(Short text fragments from websites)
########

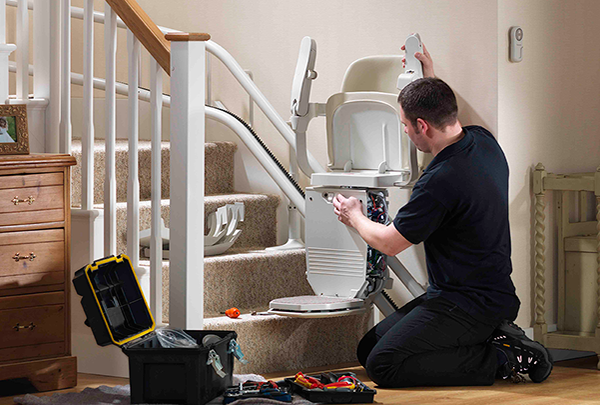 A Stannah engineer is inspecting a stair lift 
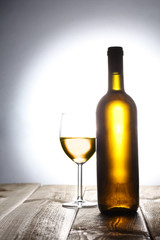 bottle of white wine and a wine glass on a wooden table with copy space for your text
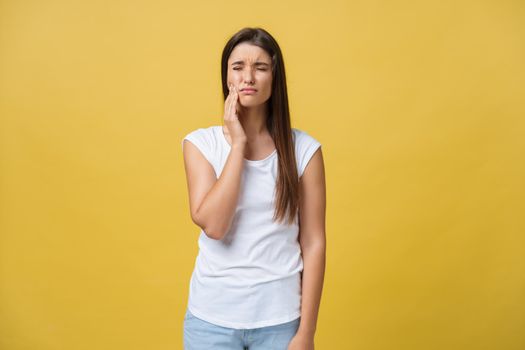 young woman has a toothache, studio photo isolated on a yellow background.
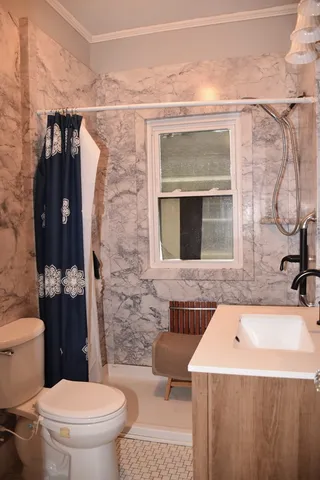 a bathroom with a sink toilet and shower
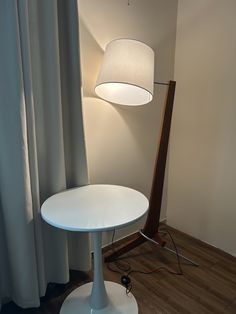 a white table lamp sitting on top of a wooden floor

########

AIM OF THE TASK: Please print exactly the lines from the line containing "bottle of white" through the end of the records above, both included, leaving out every picture.

TASK RESULT:
 bottle of white wine and a wine glass on a wooden table with copy space for your text
 young woman has a toothache, studio photo isolated on a yellow background.
 a bathroom with a sink toilet and shower
 a white table lamp sitting on top of a wooden floor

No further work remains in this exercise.